Your goal: Word for word, copy out the entries below, but not the pictures in them.

Data for analysis:

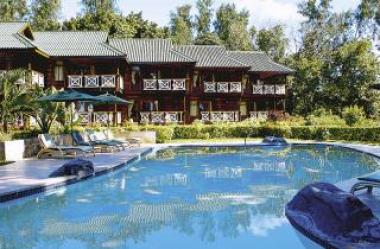 Pohled na bazén u hotelu Acajou na Seychellách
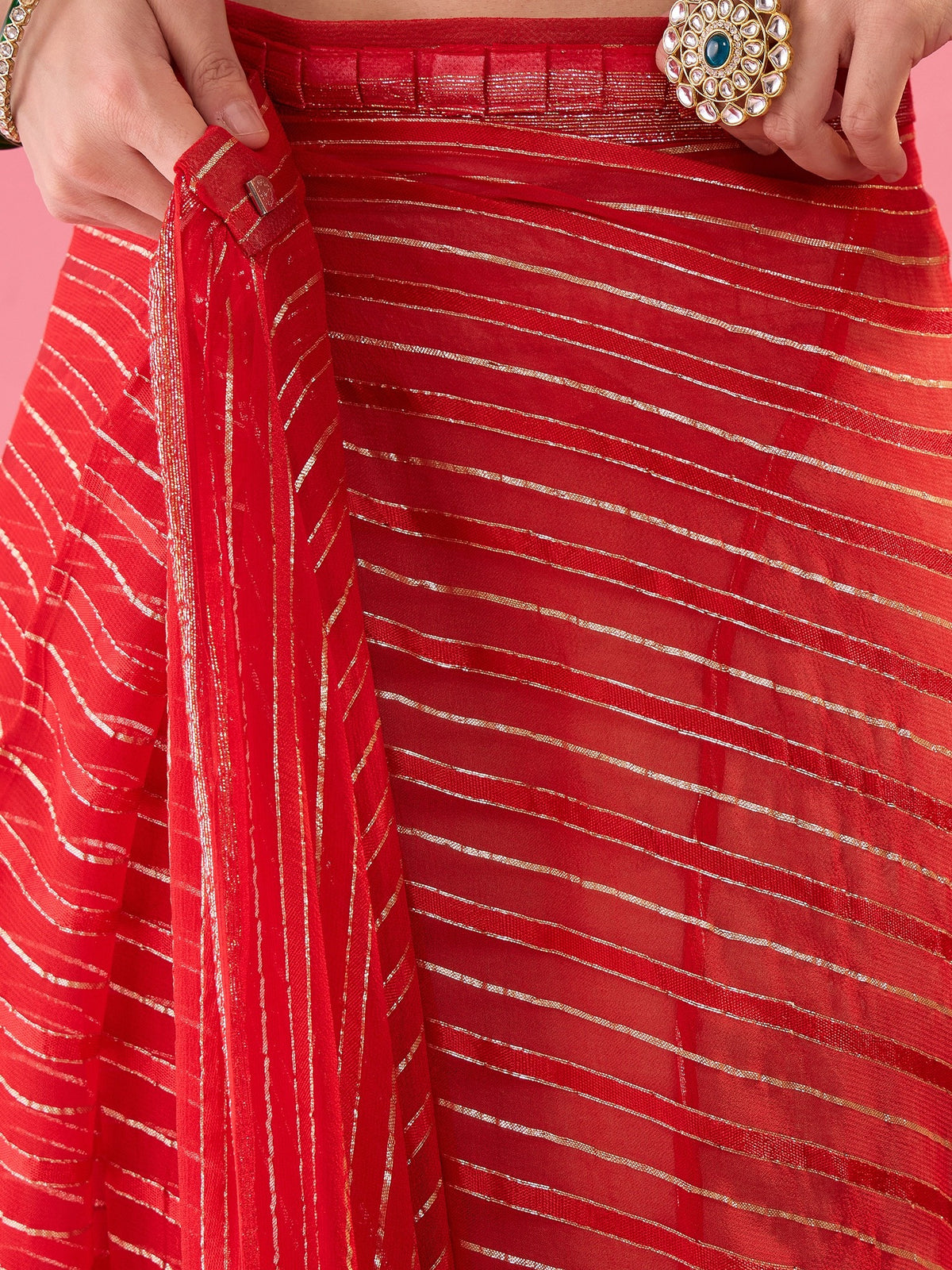 Red Viscose saree – detail view 5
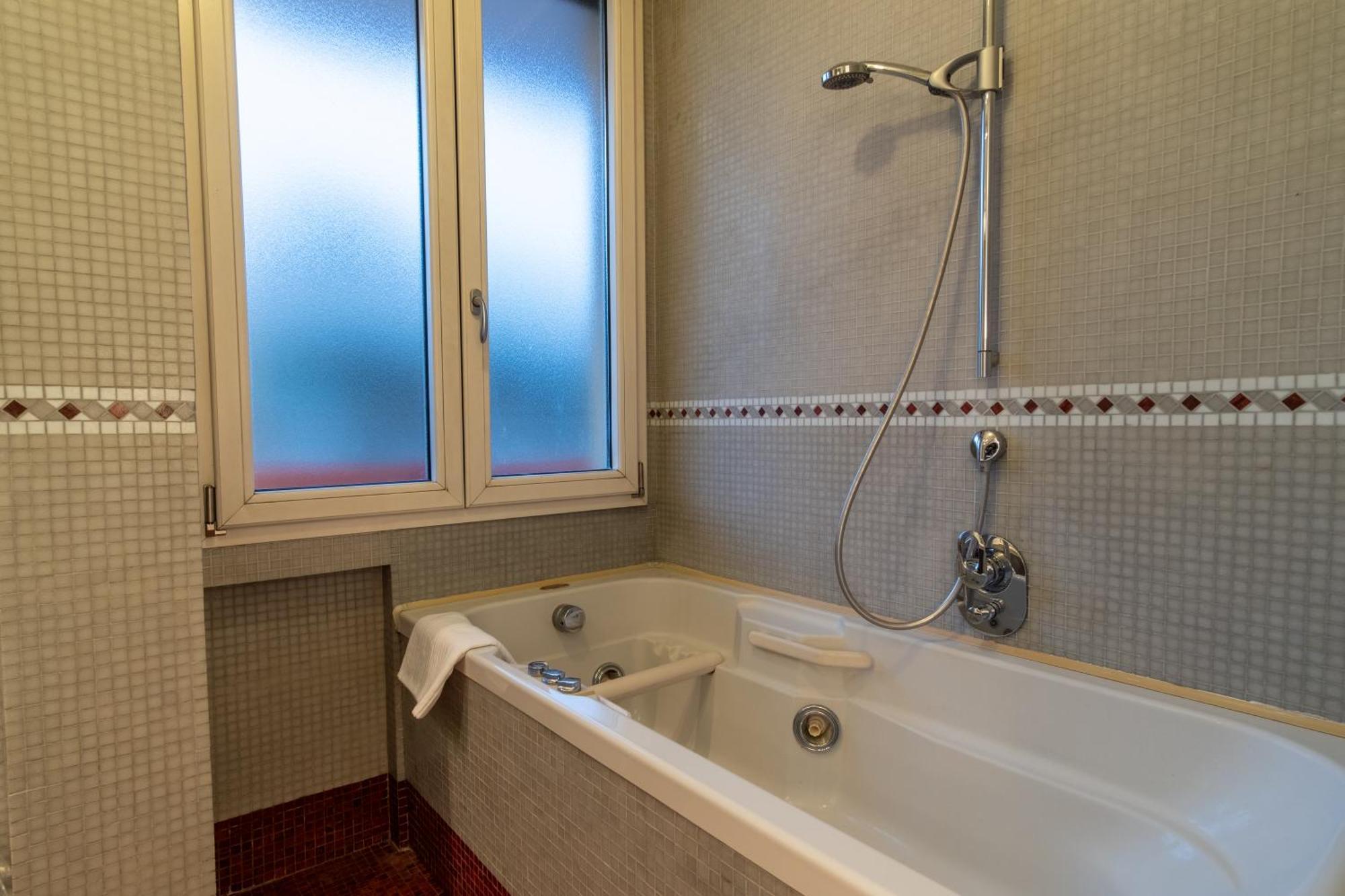 Attic With Terrace And Jacuzzi - Luxury Apartment Rome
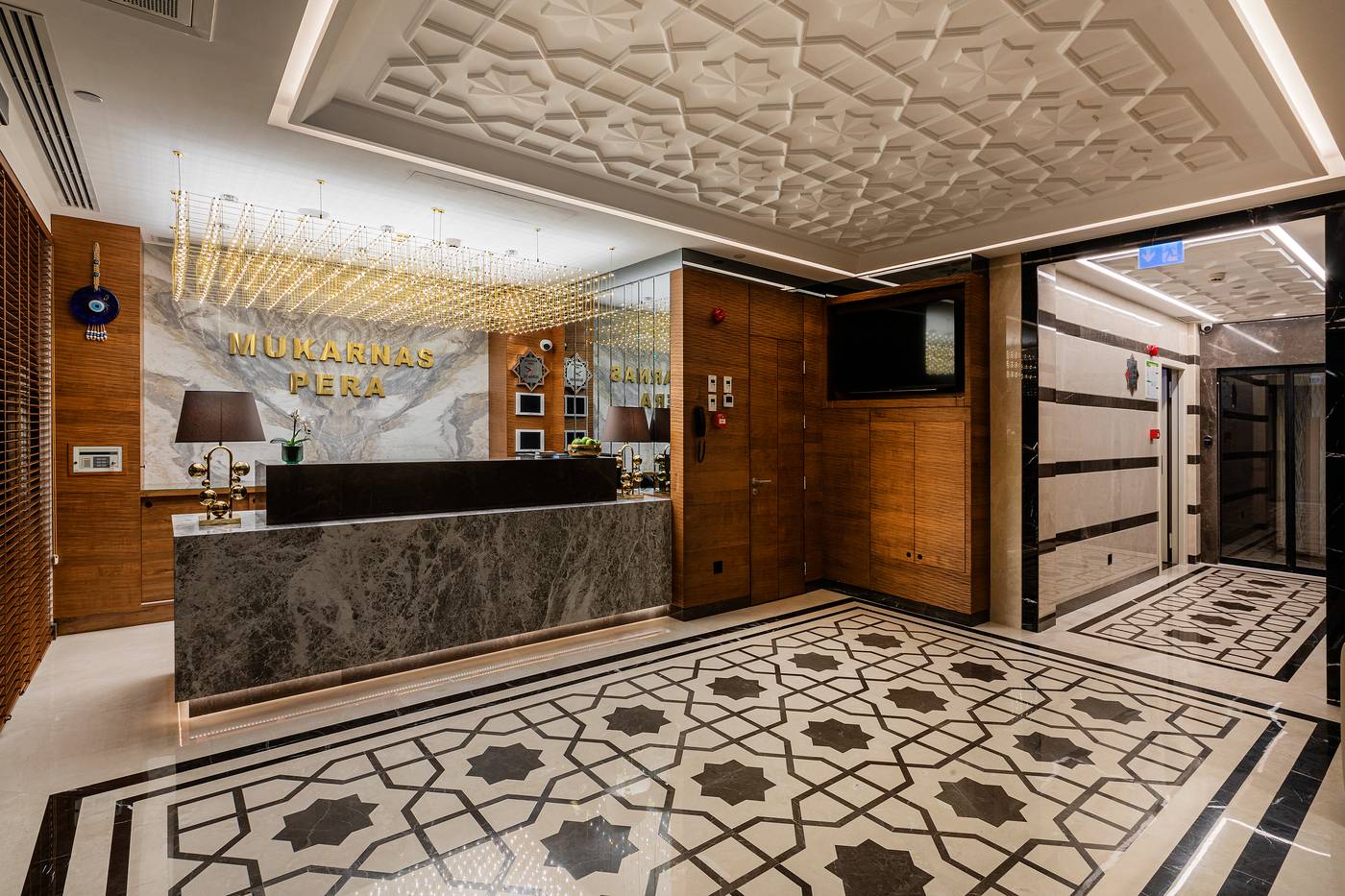 Mukarnas-Pera-Hotel-Lobby-3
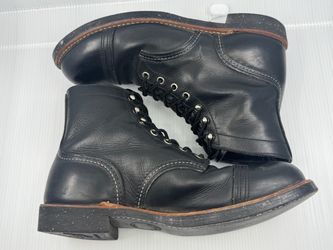 Redwings 8114 8.5D Boots $150 OR Trade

Answer space:
 Pohled na bazén u hotelu Acajou na Seychellách
 Red Viscose saree – detail view 5
 Attic With Terrace And Jacuzzi - Luxury Apartment Rome
 Mukarnas-Pera-Hotel-Lobby-3
 Redwings 8114 8.5D Boots $150 OR Trade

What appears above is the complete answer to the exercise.